Julia Novacek & Artemiy Shokin

Zweite Runde

„Die Entstehung von Wissen hat inzwischen in fast allen Bereichen sehr viel mit Digitalität und Algorithmen zu tun. Nicht nur, aber vor allem auch dort haben wir meist keinen Einblick in die Prozesse, wir kennen maximal die Resultate davon. Diese in einem gemeinsamen Moment zu erkunden, live, im gerade noch analogen Raum, ist ein Weg, der vielleicht paradox, vielleicht aber auch gerade hilfreich ist, um bei der Reflexion über das perfekte Interface hinauszukommen oder, anders gesagt, tiefer in die Blackbox hineinzugeraten und sich auch ein bisschen beunruhigen zu lassen“, so Julia Novacek und Artemiy Shokin über ihr Stück, das 2021 schon dreimal im Werk X-Petersplatz zu sehen war, aufgrund des damals kurzfristig verhängten Lockdowns aber keine weiteren Aufführungen erfahren hat. Am 25. Juni 2023 ging „Streams“ – als letztes Stück der Intendanz von Cornelia Anhaus – in die zweite Runde. Wir treffen Julia Novacek nach einer der Wiederaufnahmeproben am Petersplatz. Während unten im Theaterraum der Energielevel stetig ansteigt, entladen sich über den ersten Bezirk all die Regentropfen, die sich der Himmel in den ultraheißen Tagen zuvor verkniffen hat.

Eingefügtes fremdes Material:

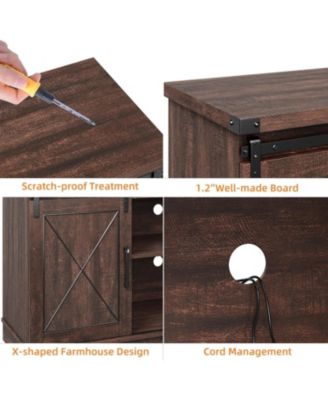 TV Stand for 65 Inch TV, Entertainment Center with Storage and Sliding Barn Doors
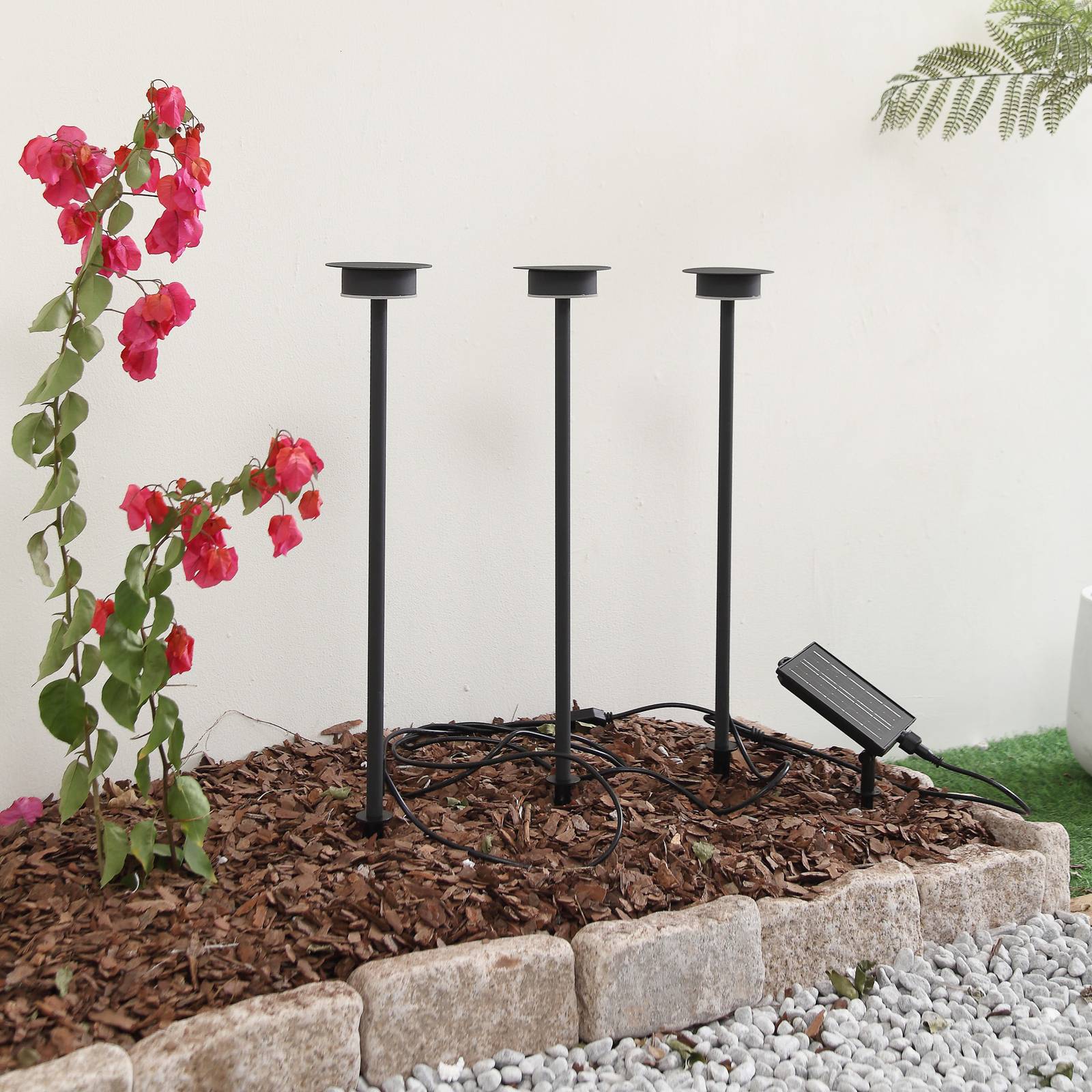 Lindby Lampa solarna LED Lyris, zestaw 3 sztuk, 3000K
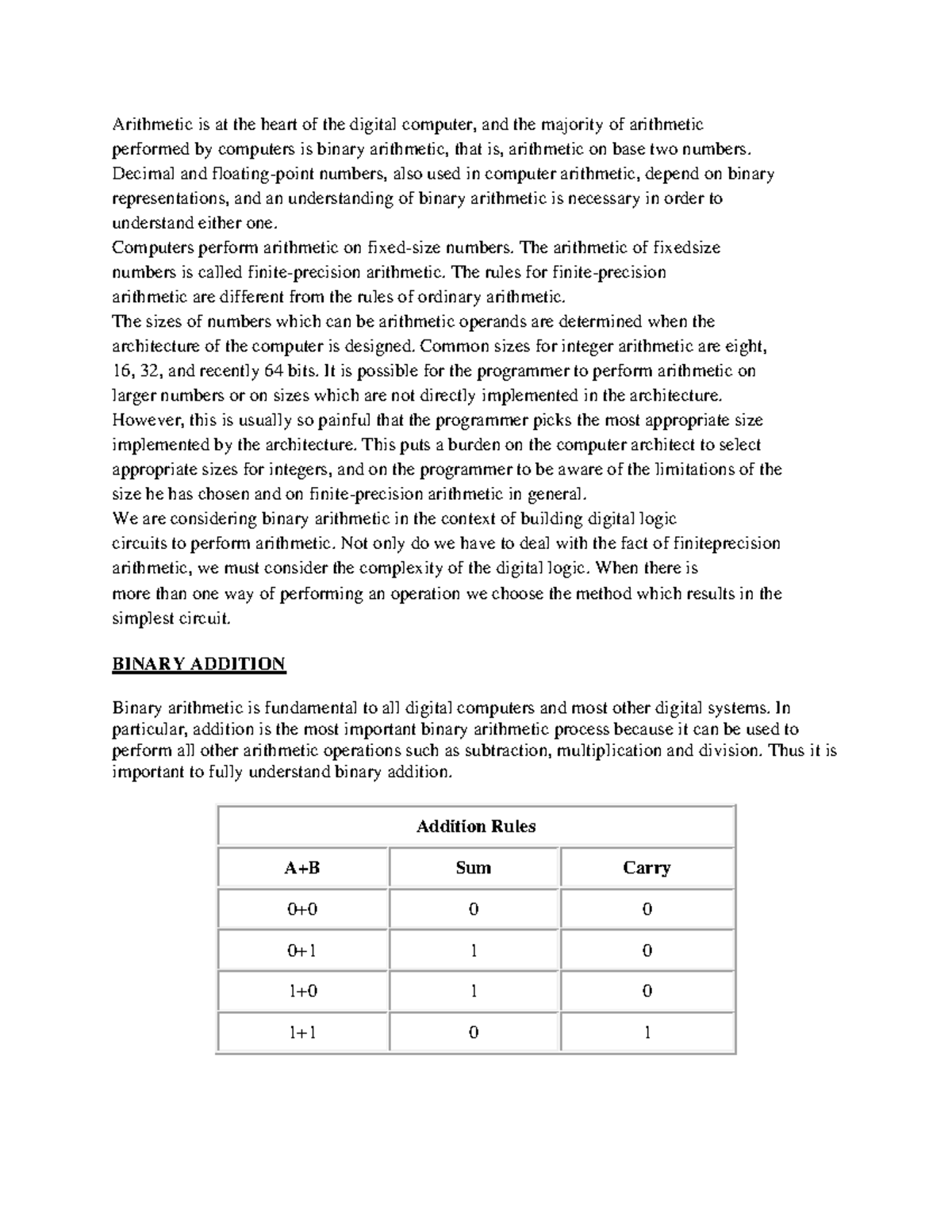 Binary - Lecture notes 1 - Arithmetic is at the heart of the digital ...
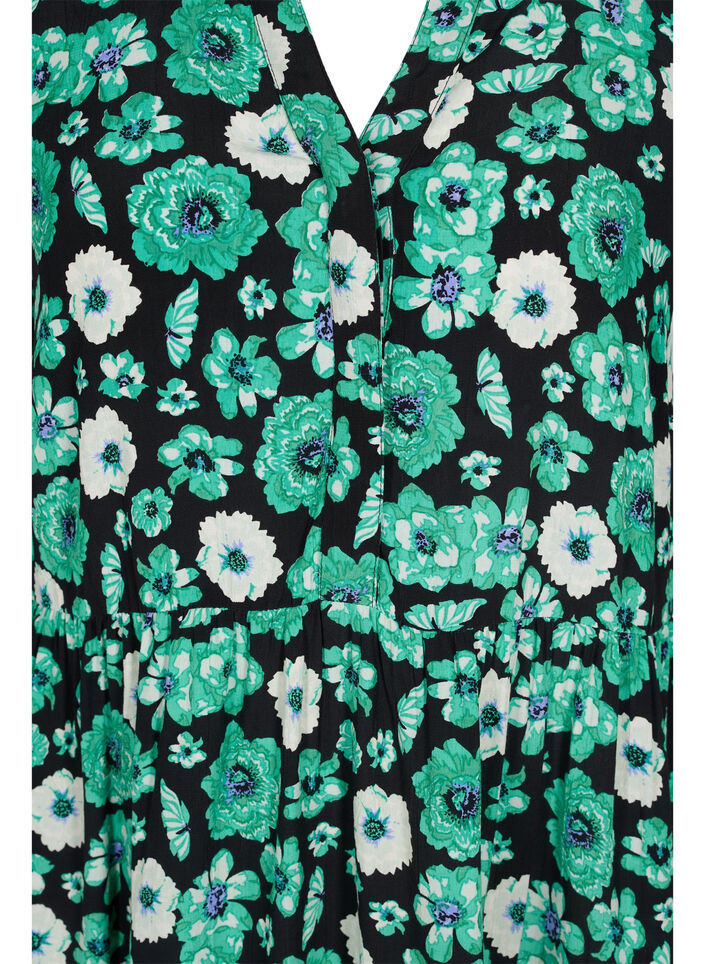 Tunique &agrave; fleurs en viscose, Green Flower AOP, Packshot image number 2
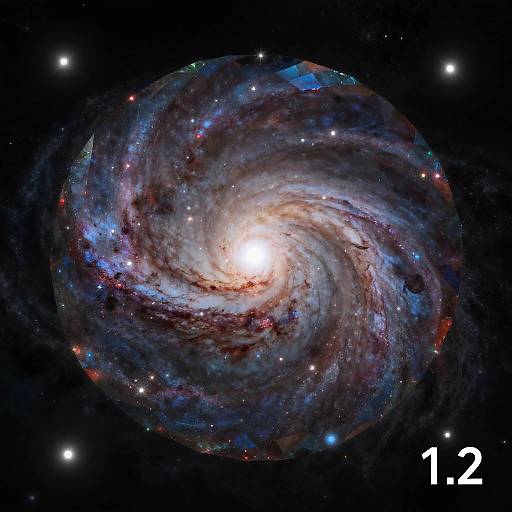 Photorealistic Galaxy Inside Gemstone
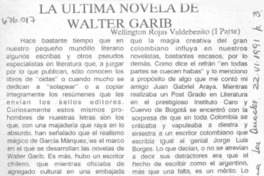 La última novela de Walter Garib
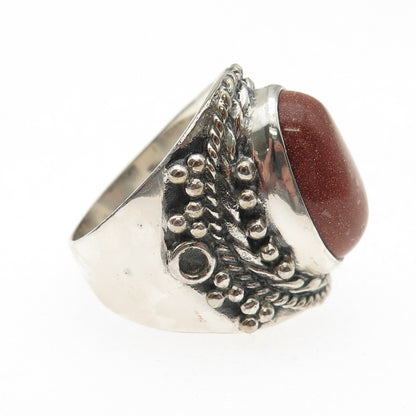 925 Sterling Silver Vintage Real Goldstone Modernist Oxidized Ring Size 9.75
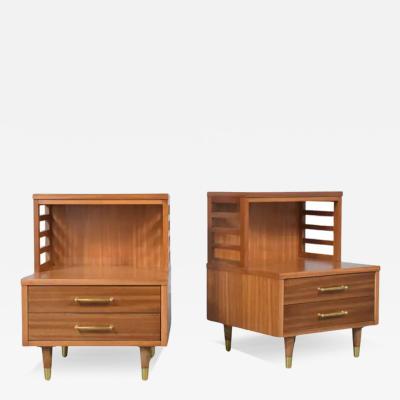 Exquisite Pair of Mid Century Modern Walnut Nightstands with Brass Details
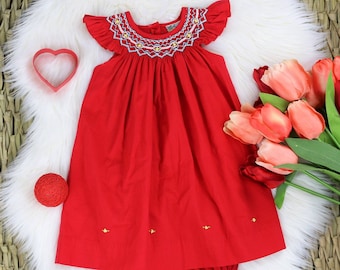 Red Bishop Angel Sleeves Baby Girl Dress / 1st Birthday Smocked Embroidered Dress / Smocked Bishop Dress & Bloomers / Bishop Birthday Dress.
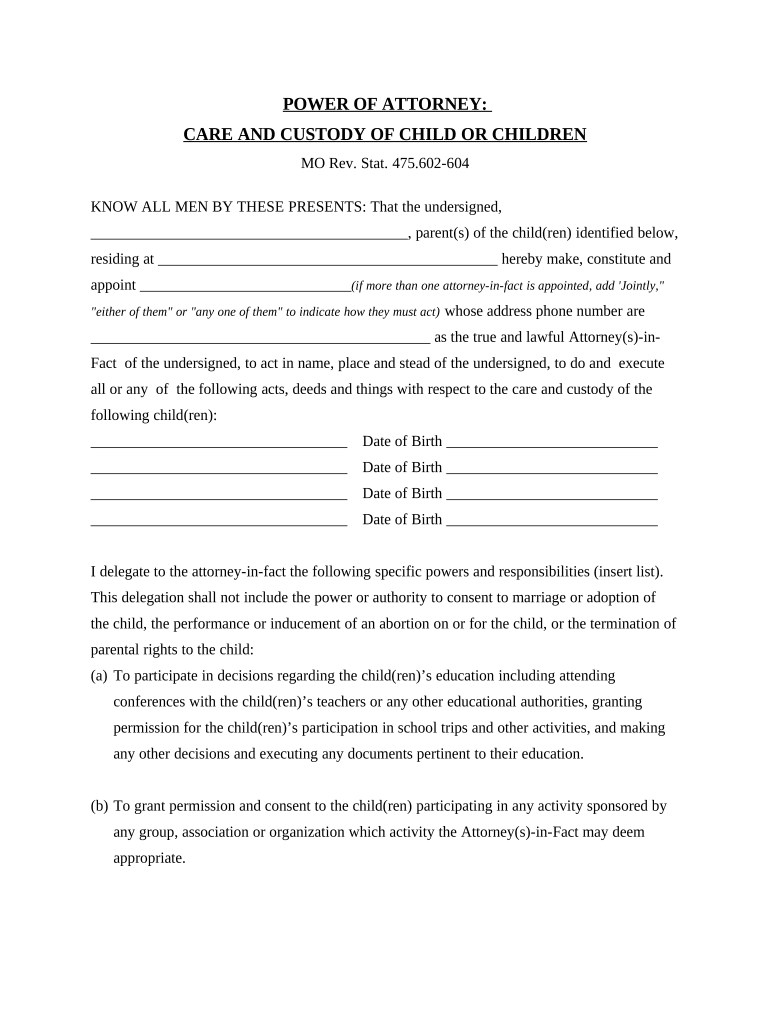 minor child power of attorney form Preview on Page 1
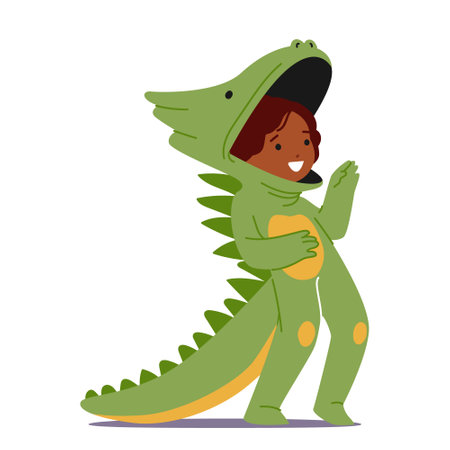 Adorable Child Character Dons Green Dinosaur Costume, Complete With Vibrant Scales And Playful Tail, Cartoon Vectorのイラスト素材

„Es fühlt sich gut an, sich wieder mit dem Stück zu beschäftigen“, sagt Julia Novacek, die für ihre genreübergreifenden Inszenierungen bekannt ist. „Die Probenzeit vor der Wiederaufnahme gibt uns die Möglichkeit, an Details wie unter anderem Übergängen zu arbeiten. Außerdem haben wir durch die Projekte, an denen wir in der Zwischenzeit gearbeitet haben, teilweise einen anderen Blickwinkel auf die Themen.“

Julia Novacek
Julia Novacek, geboren 1989 in Wien, ist Performance- und Videokünstlerin. Sie studierte Kunst und digitale Medien sowie Kunst und Film an der Akademie der Bildenden Künste Wien und Angewandte Theaterwissenschaft in Gießen. Sowohl filmisch als auch performativ ist der feministische Blick leitend in ihrem Schaffen.

Foto: Christin Schuhmann

Wer beobachtet eigentlich wen?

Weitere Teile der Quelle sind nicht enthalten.